** AIM OF THE TASK **
Exact copies of all the lines below are required, with the pictures omitted.

* * * * *

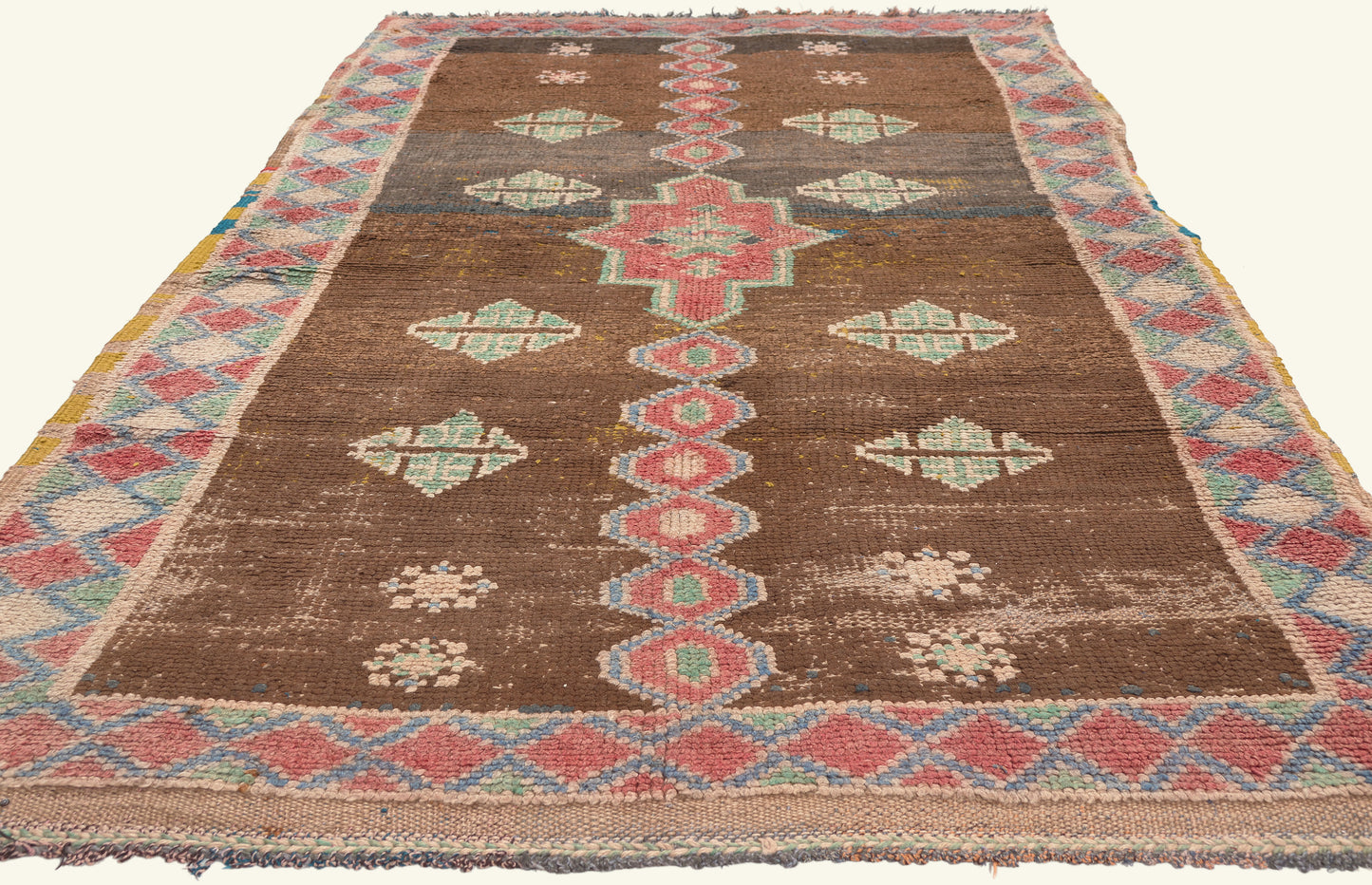 4 x 8 - Brown Vintage Boujad Moroccan Rug - 21991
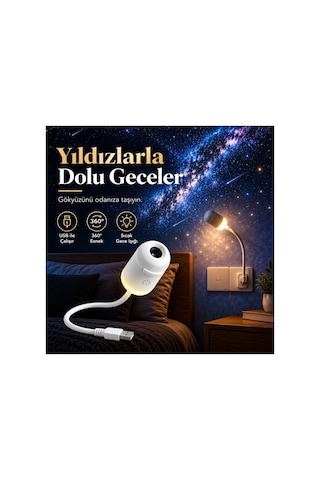 Robeve 2 Si 1 Arada Galaksi Ve Yıldız Projektörü Gece Lambası 12 Farklı Projeksiyon Filmi, 360 Ayarlanabilir, Usb Yıldızlı Gökyüzü Tavan Ve Duvar Projektörü, Çocuk Ve Yatak Odası Gece Işığı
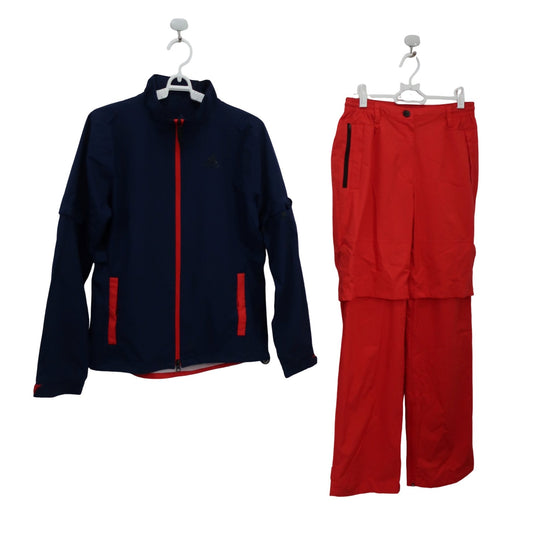 adidas(アディダス) レインウェア 上下セット ネイビー / 赤 レディース M S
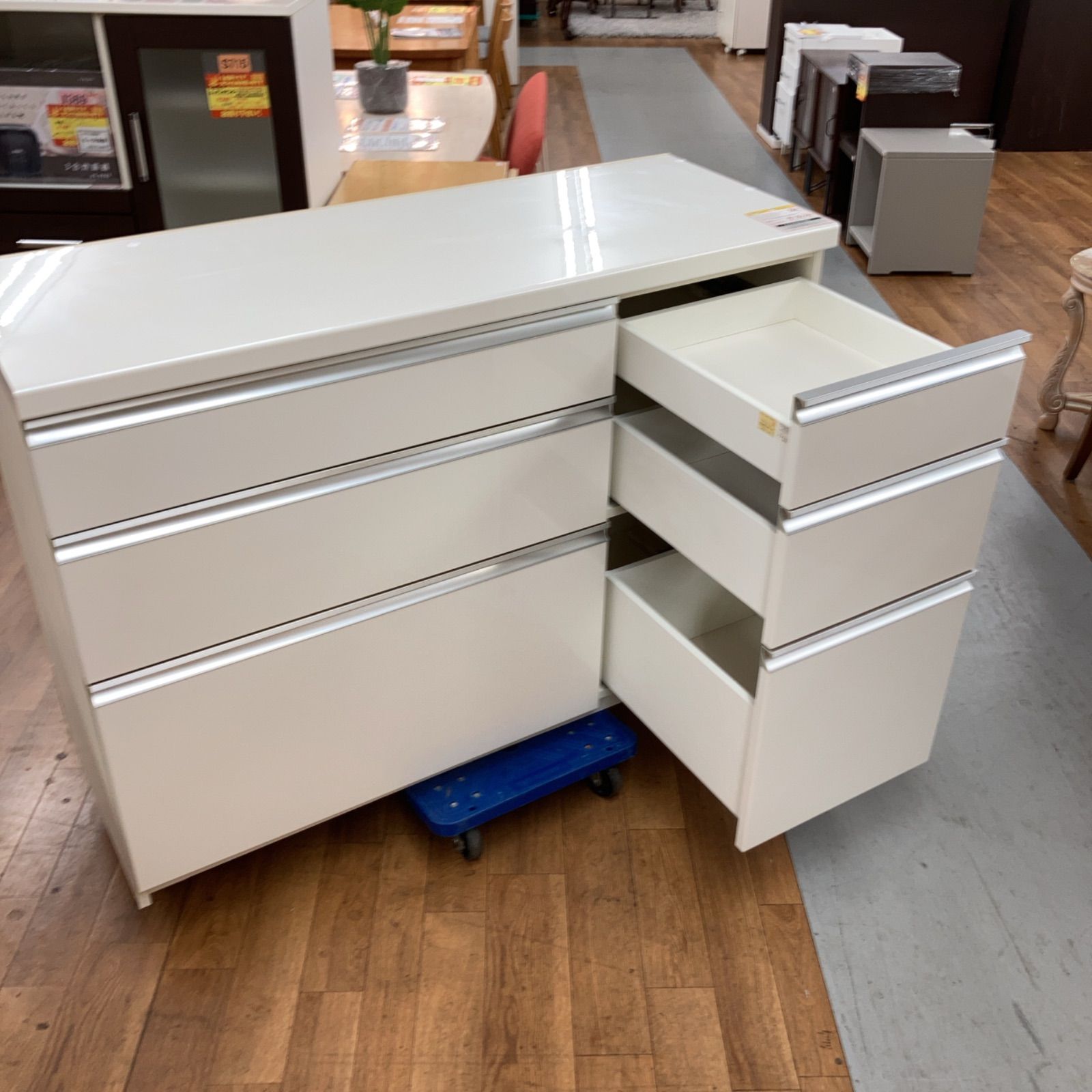 キャスター付き パモウナ キッチンカウンター 120cm幅 パモウナ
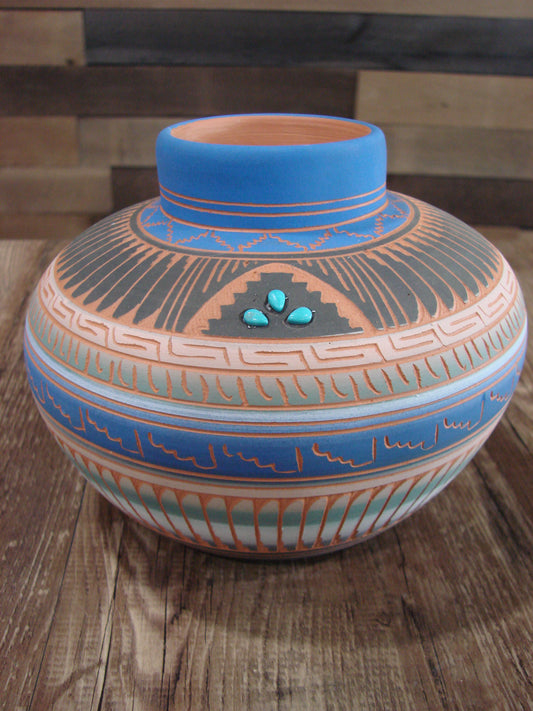 Native American Navajo Indian Hand Etched & Hand Painted Pottery - Valencia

* * * * *

** COMPLETED EXERCISE **
 4 x 8 - Brown Vintage Boujad Moroccan Rug - 21991
 Robeve 2 Si 1 Arada Galaksi Ve Yıldız Projektörü Gece Lambası 12 Farklı Projeksiyon Filmi, 360 Ayarlanabilir, Usb Yıldızlı Gökyüzü Tavan Ve Duvar Projektörü, Çocuk Ve Yatak Odası Gece Işığı
 adidas(アディダス) レインウェア 上下セット ネイビー / 赤 レディース M S
 キャスター付き パモウナ キッチンカウンター 120cm幅 パモウナ
 Native American Navajo Indian Hand Etched & Hand Painted Pottery - Valencia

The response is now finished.